Connie's encounter with Arnold Friend can best be described by the engraving, "Death and the Maiden" (Niklaus-Manuel Deutsch-1484-1530). This engraving pictures a skeleton caressing a young woman. The maiden appears to be admiring herself in front of a mirror as death imprisons her in his arms. The irony of both the maiden's, from Death and the Maiden, and Connie's lives is based on beauty, but, consequently, Death chose them as victims because of their narcissism, not a desirable character trait. Like Connie, the maiden is terrified but does not resist "Death." Connie does not want to end up with Arnold Friend, but she does give in and walk into his arms, much as the maiden cannot resist the inevitable fate of her death. Arnold embraces Connie and knows he has succeeded in his mission, when she had to give in or her family and herself will be hurt. He makes her his lover, but Connie wanted to escape reality, and Arnold, "Death," was able to act as her advocate.

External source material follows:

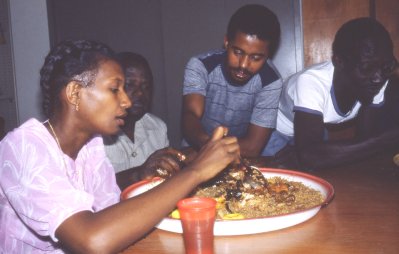 Una comida tradicional compartida de couscous con el thiof en el 1984 (Foto CE Nauen)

Arnold was actually doing Connie a favor. She was drawn to him by the attention he gave her, until she realizes he was Death. She just wanted to feel love and pretty by getting all the attention from boys. She was living in fantasy world thinking guys will embrace her not hurt her. Arnold showed her how cruel and dark the real world could be first, then he let her live in her "dream world" permanently.
Work Cited
Oates, Joyce Carol. "Where Are You Going, Where Have You Been?" American Short Story
Masterpieces. Eds: Raymond Carver, Tom Jenks. New York: Dell Publishing a division of Random House, Inc., 1987. (361-377).
Niklaus-Manuel Deutsch (1484-1530). "Death of a Maiden." Monstrous.com.